■ **What the task asks**:
What you return must match, exactly, the lines running from the one containing "Un diseño del Toyota Camry" to the end of the data, both included, and must contain no pictures.

-=-=-

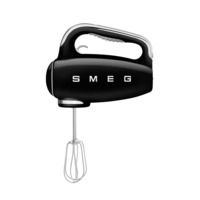 Smeg HMF01BLEU Handmixer - Zwart - 250W - 9 Snelheden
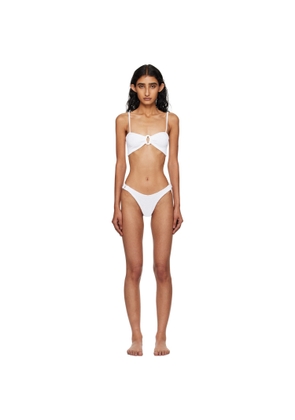 Hunza G White Misty Bikini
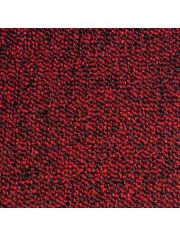 Teppichboden Matz rot, Breite 400 cm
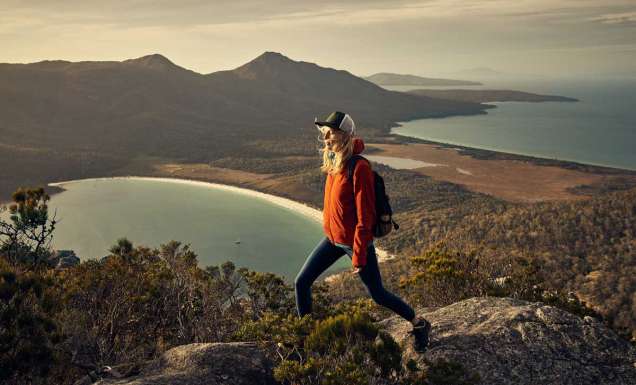 Hiking Wineglass Bay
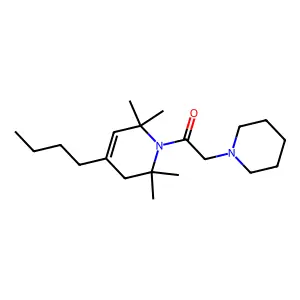 Pyridine, 1,2,3,6-tetrahydro-4-butyl-1-(piperidinoacetyl)-2,2,6,6-tetramethyl- structure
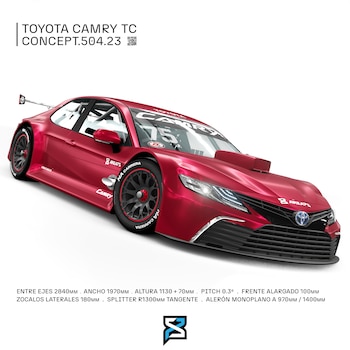 Un diseño del Toyota Camry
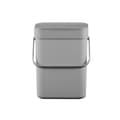 Miniatyrbild 3 av 8: EKO Puro II Foodwaste Caddy Afvalemmer 5L Grijs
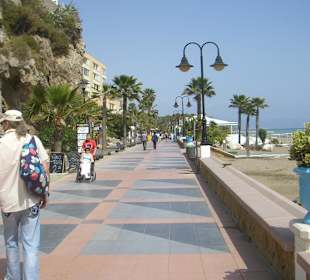 Übergang zum langen Strandabschnitt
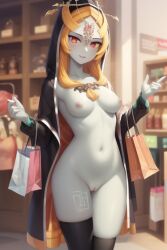 Black Legwear Rule 34 Image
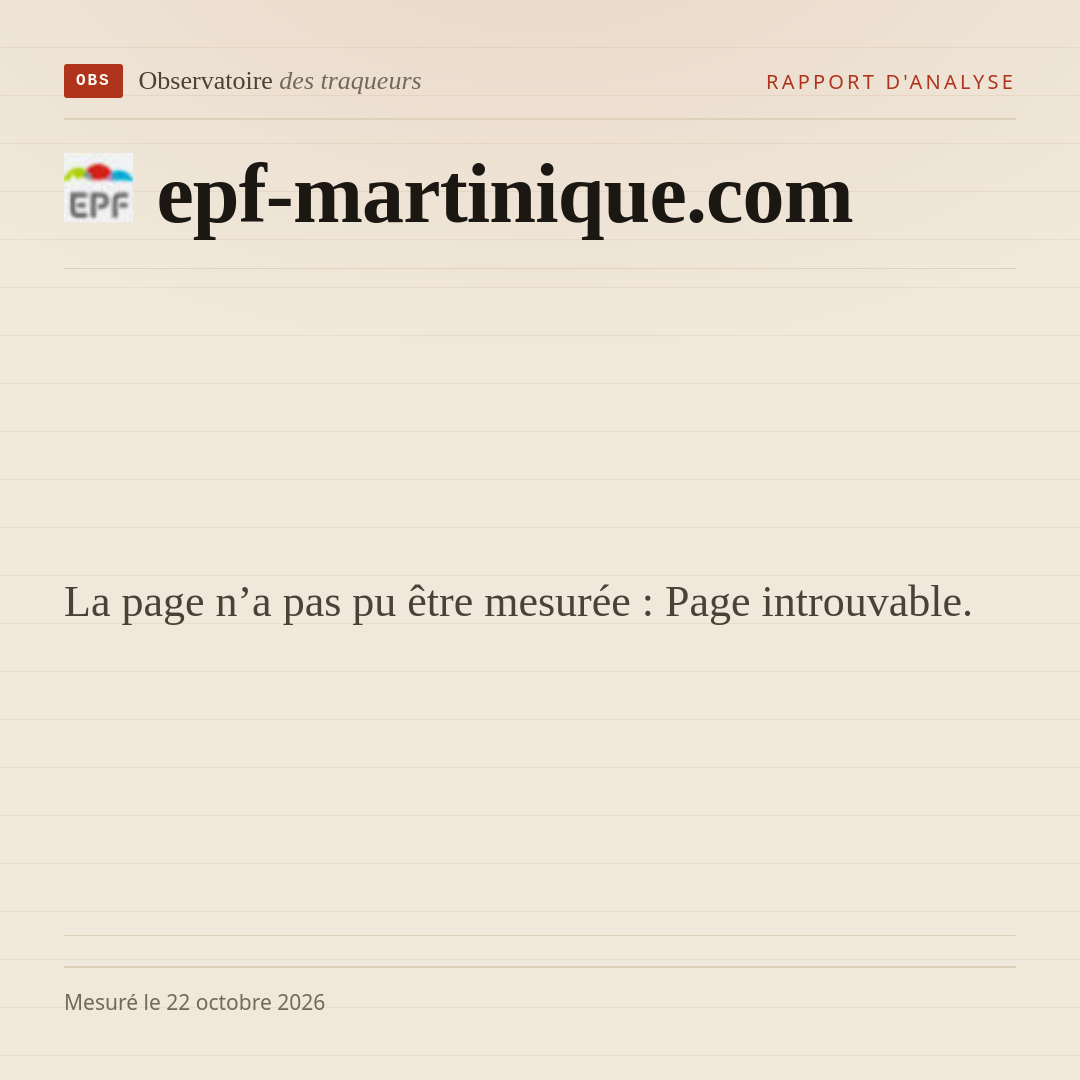 La page n’a pas pu être mesurée : Page introuvable.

-=-=-

■ **Task solution**:
 Un diseño del Toyota Camry
 Miniatyrbild 3 av 8: EKO Puro II Foodwaste Caddy Afvalemmer 5L Grijs
 Übergang zum langen Strandabschnitt
 Black Legwear Rule 34 Image
 La page n’a pas pu être mesurée : Page introuvable.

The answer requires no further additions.